> Material to process:

-- -- --

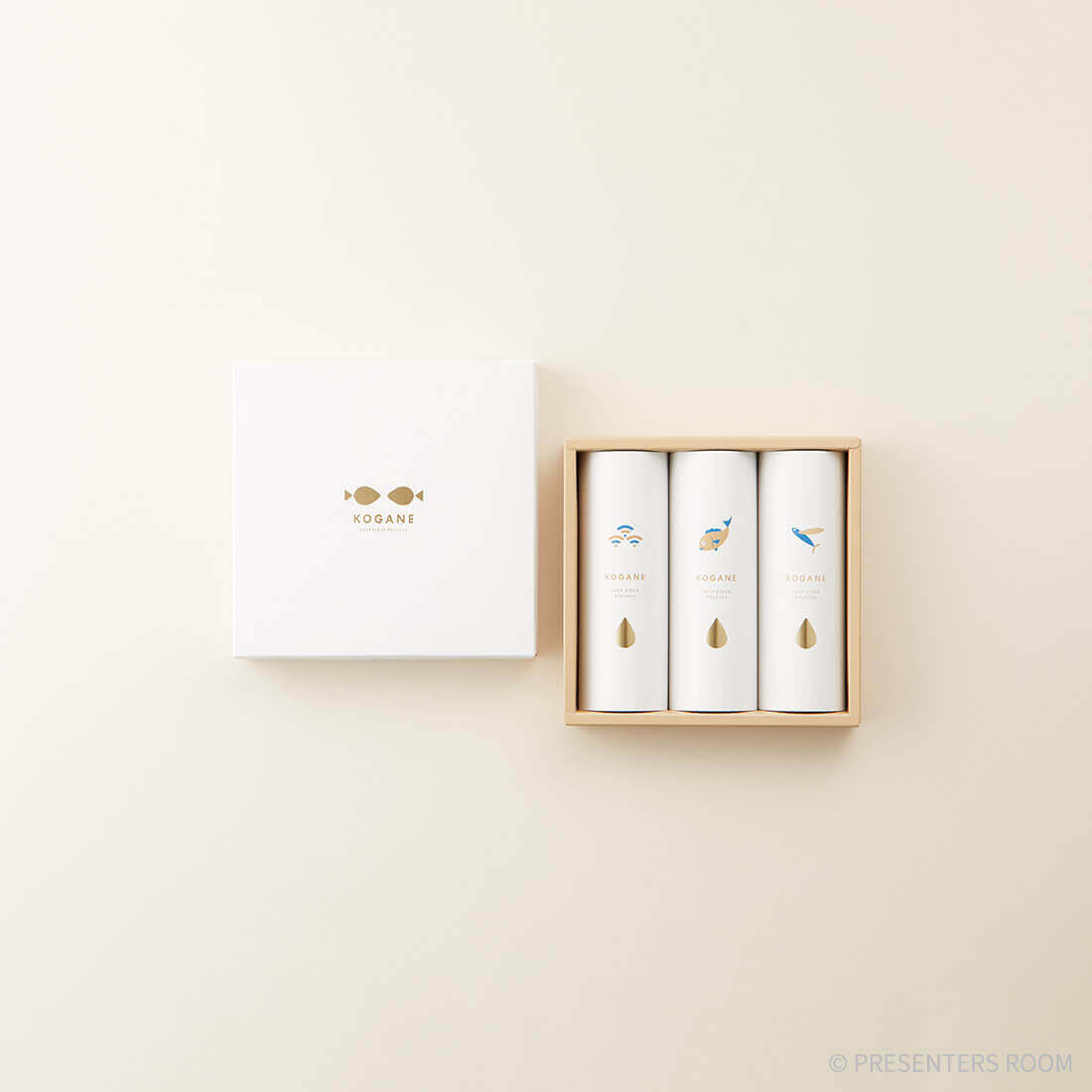 ちきり だしパック KOGANE-C9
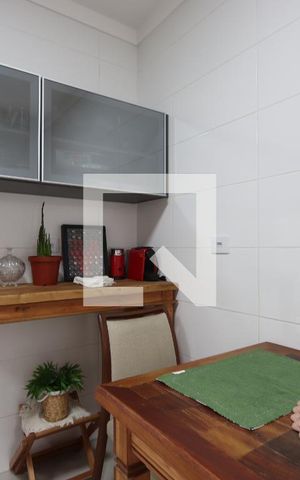 Casa para alugar com 110m², 3 quartos e 3 vagasCozinha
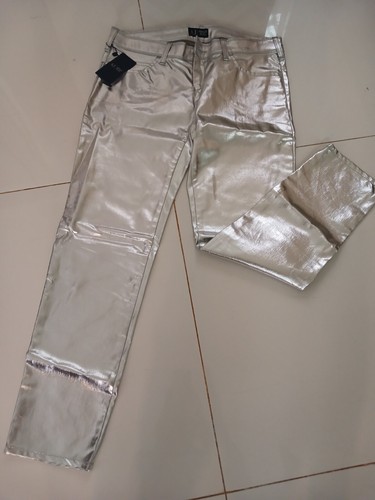 Jeans donna armani autentico - jeans,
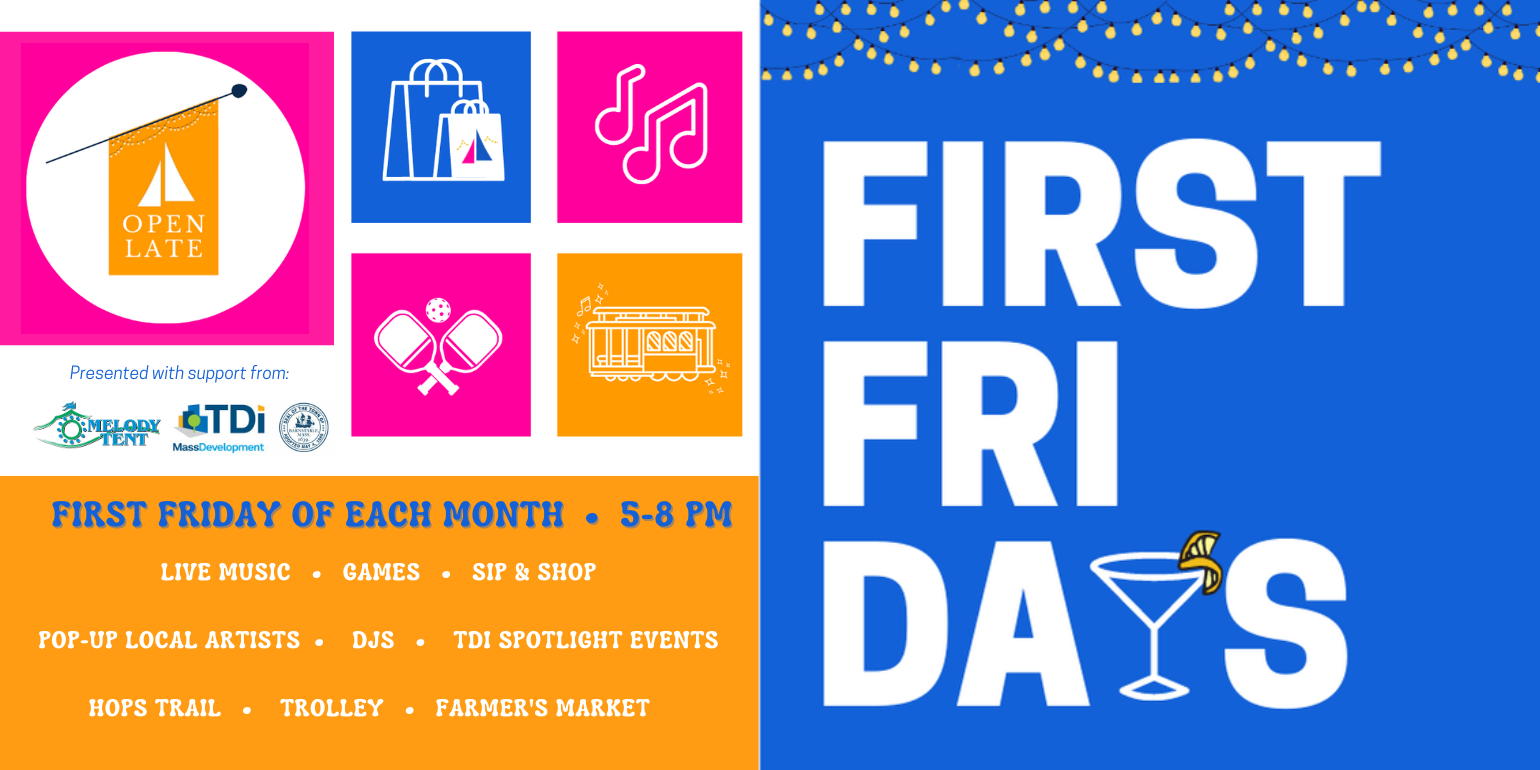 First Fridays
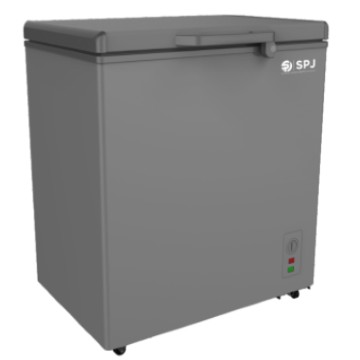 SPJ 260Litres Chest Freezer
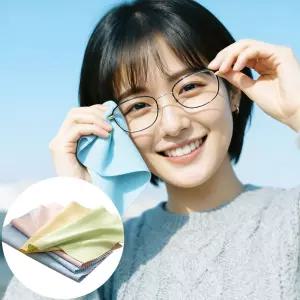 극세사 안경 천 닦이 수건 클리너 습기제거 티슈 도매 선그라스 15cm 융 세트 썬글라스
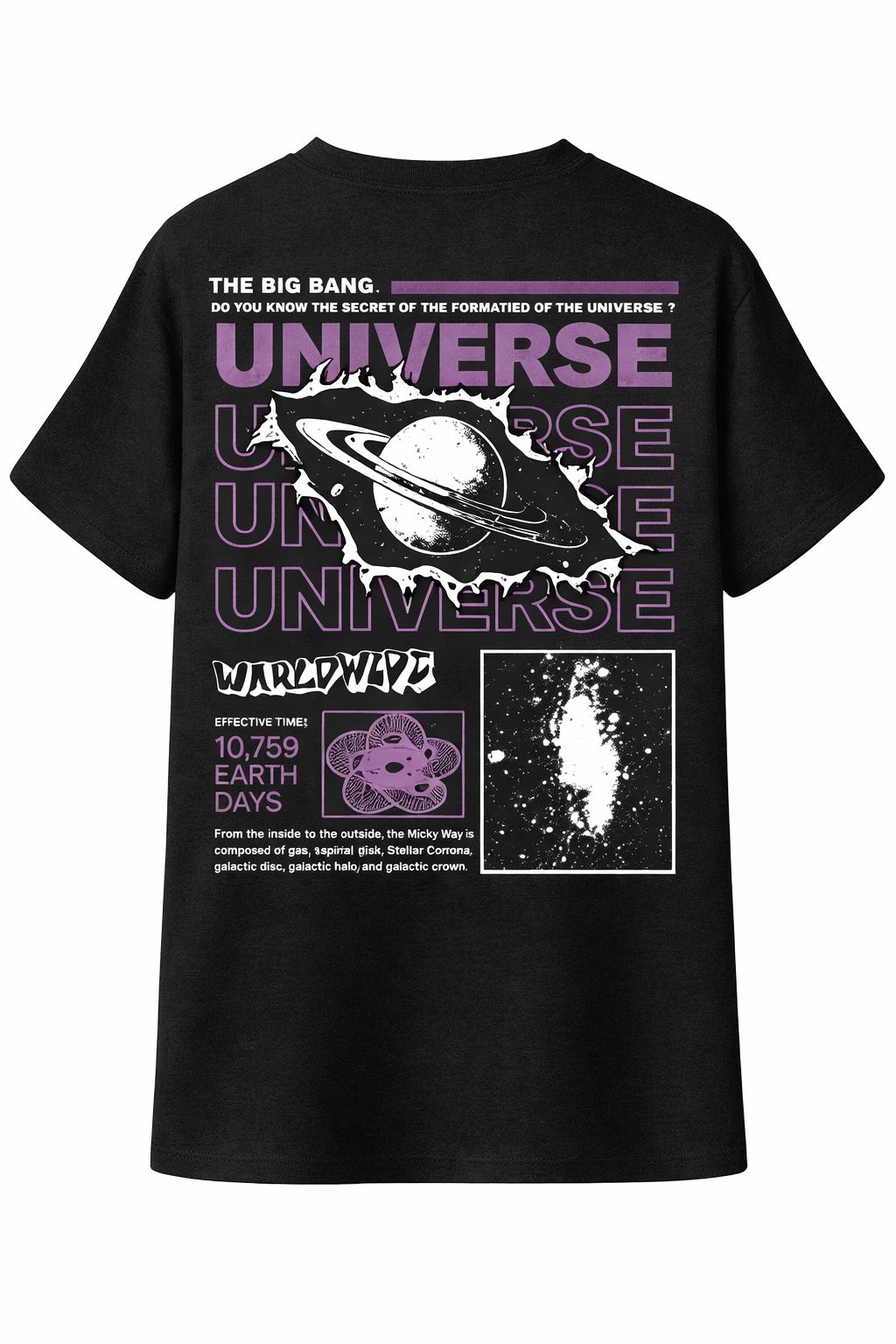 The universe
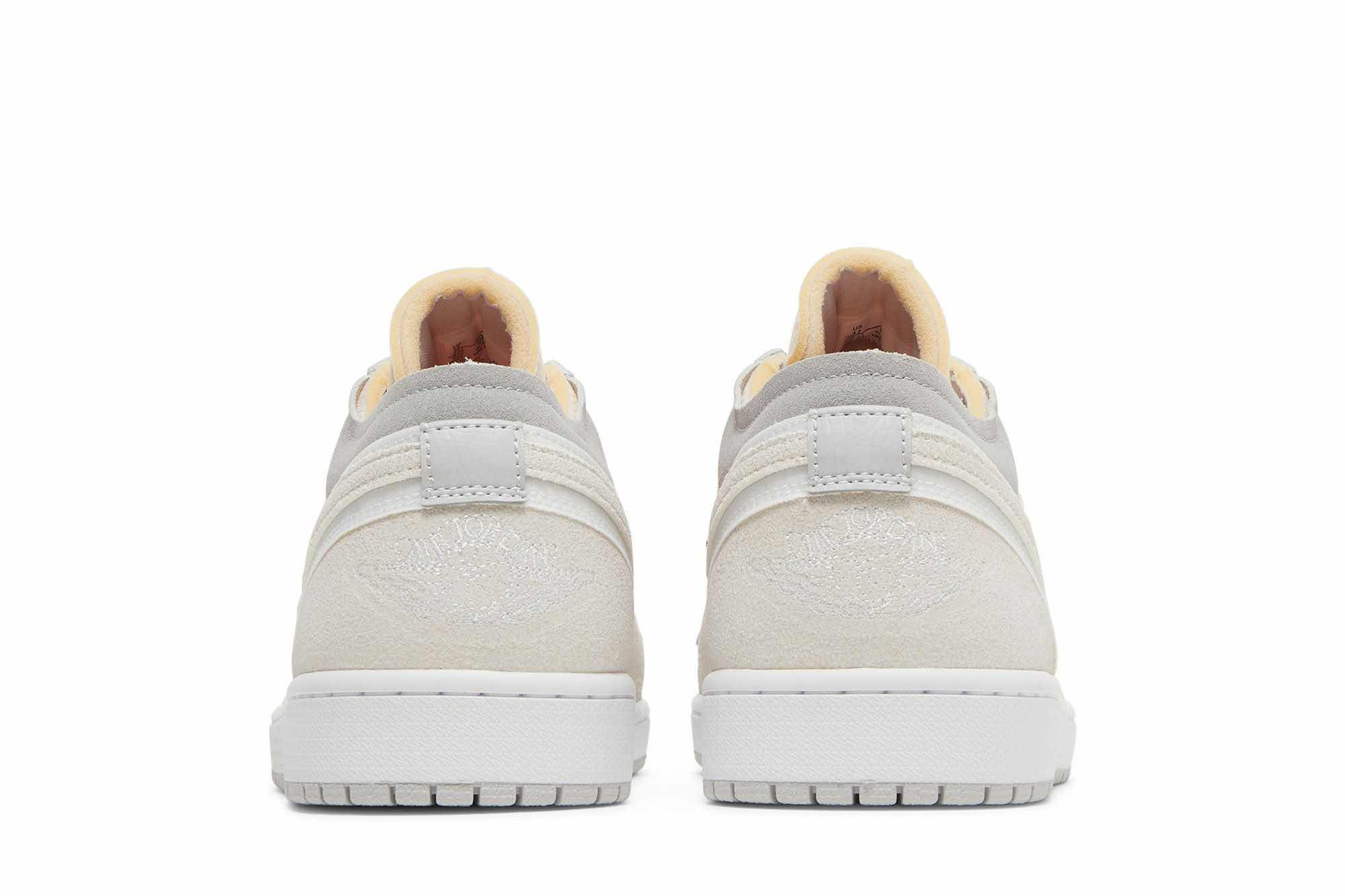 Air Jordan 1 Low SE Craft ‘Inside Out’ DN1635-100 - Image 6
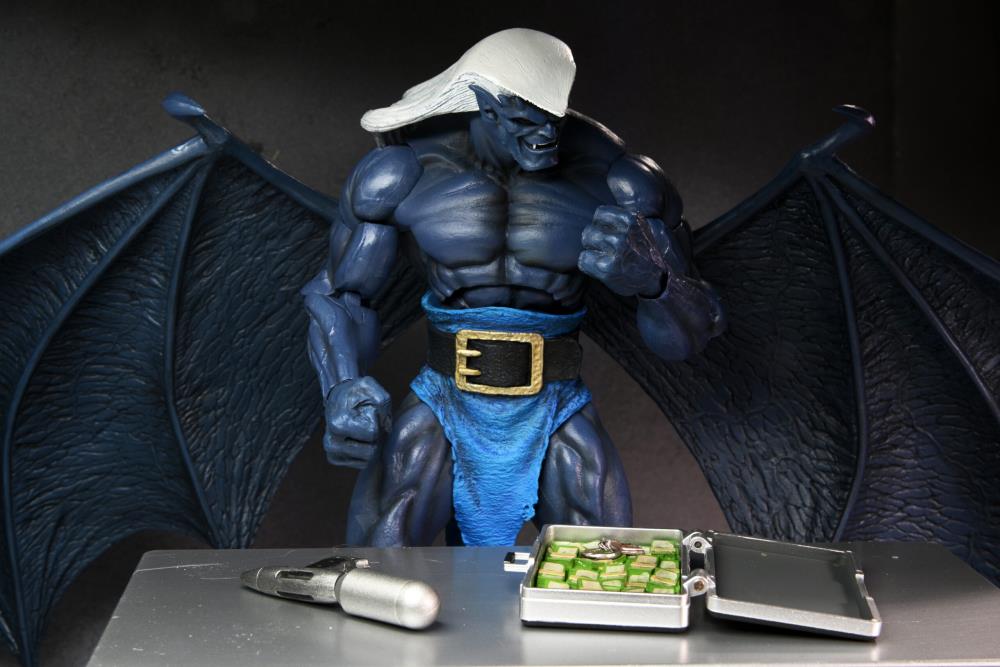 NECA - Gargoyles - 7" Scale Action Figure - Ultimate Thailog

-- -- --

> Exercise description:
Write out an exact reproduction of the lines from the line that holds "The universe" to the bottom of the listing above, both ends included. Exclude pictures.

> Answer to this exercise:
 The universe
 Air Jordan 1 Low SE Craft ‘Inside Out’ DN1635-100 - Image 6
 NECA - Gargoyles - 7" Scale Action Figure - Ultimate Thailog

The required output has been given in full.